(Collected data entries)

——————————

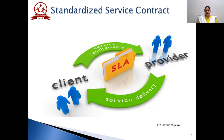Standardized service contract: in availing any service from the provider, the consumer or requester has to sign certain contracts. On the basis of those contracts, the requester can request and avail that particular service. In terms of SOA, that contract is called an SLA — Service Level Agreement. The SLA happens between the client (the requester) and the provider, and it purely depends on what kind of service the client is seeking. The terms and conditions are mentioned in this document called the service level agreement.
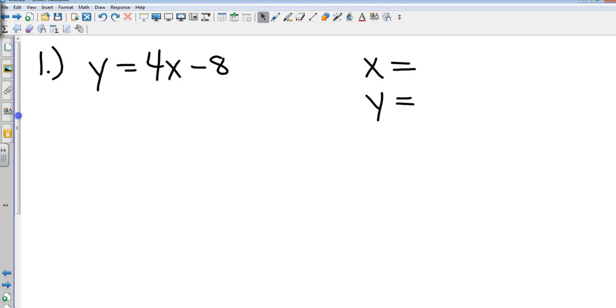Write y equals 4x minus 8 and find the x and y intercepts any way you can. Ready? Go.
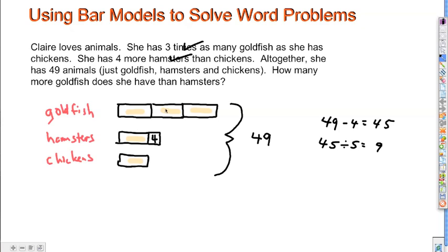That gives me nine. So each of these bars is worth nine animals. We've used that and figured out what each of our units is. Now let's take a look at the question: how many more goldfish does she have than hamsters? I got all the information filled in first, and now I can go back and answer the question. There might be a lot of different questions we could ask, and we could use the bar model to answer any of them.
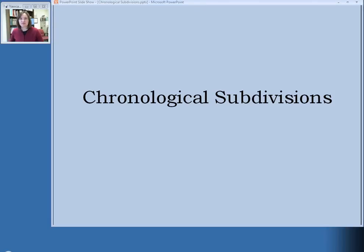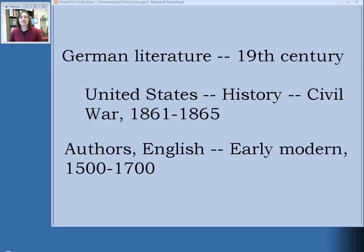Let's look at some examples of headings with chronological subdivisions. In the first one you'll see that '19th century' is the chronological subdivision, so that refers to a whole century. The second one shows a heading that not only has a topical subdivision before the chronological subdivision, but also has a phrase and dates — 'Civil War' — and then gives the dates that the Civil War lasted. The third example is also a descriptive phrase with dates: the early modern period of English literature, from 1500 to 1700.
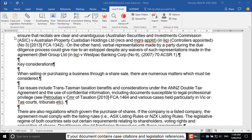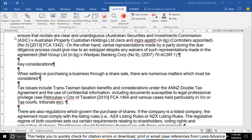If your document contains citations and legislation references, Lexis Draft can extract and show them as a single list. This helps you to quickly check for citation errors, or download, print, or email case references from Lexis Advance.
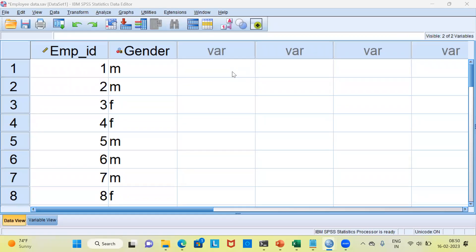Namaste and a very good morning to all of you. I welcome you to my channel The Outlier. My name is Mitut. In today's video, I'll be talking about how to recode a variable in SPSS.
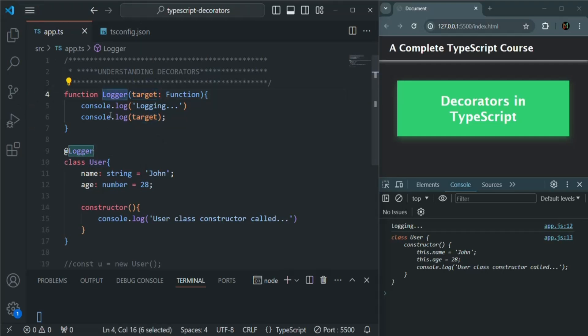So this is our first decorator. This is not the only way in which we can create a decorator. What if we also want to pass some data from outside of that decorator? We'll see how to do that in the next lecture. This is all from this lecture. If you have any questions related to decorators, feel free to ask. Thank you for listening and have a great day.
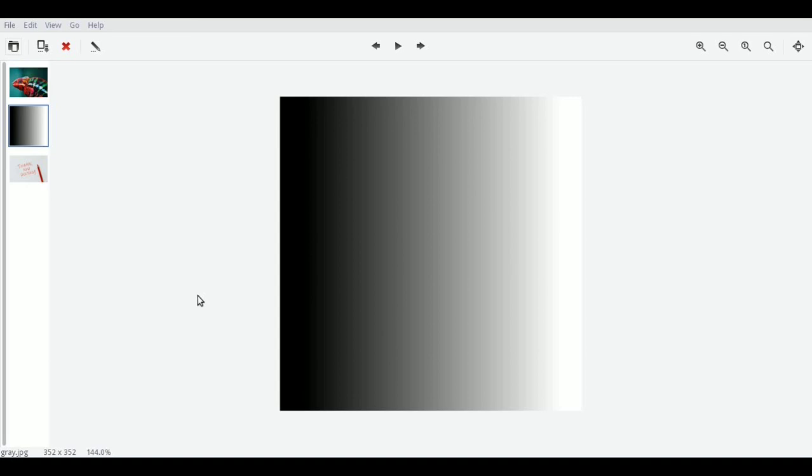In this video I want to go into the concepts of thresholding. We can see this is a gradient grayscale image which goes from very dark black on the left going into white on the right side.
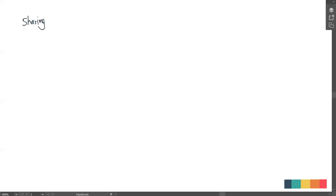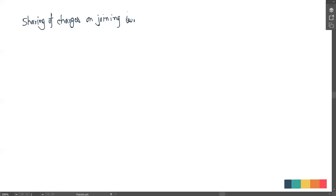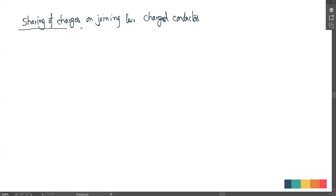So we're going to study sharing of charges on joining two charged conductors. That is what we'll start with. The idea is very simple.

——————————

Problem statement
Skip every picture and return the lines above from the top through the one that contains "That gives me".

Exercise response
Standardized service contract: in availing any service from the provider, the consumer or requester has to sign certain contracts. On the basis of those contracts, the requester can request and avail that particular service. In terms of SOA, that contract is called an SLA — Service Level Agreement. The SLA happens between the client (the requester) and the provider, and it purely depends on what kind of service the client is seeking. The terms and conditions are mentioned in this document called the service level agreement.
Write y equals 4x minus 8 and find the x and y intercepts any way you can. Ready? Go.
That gives me nine. So each of these bars is worth nine animals. We've used that and figured out what each of our units is. Now let's take a look at the question: how many more goldfish does she have than hamsters? I got all the information filled in first, and now I can go back and answer the question. There might be a lot of different questions we could ask, and we could use the bar model to answer any of them.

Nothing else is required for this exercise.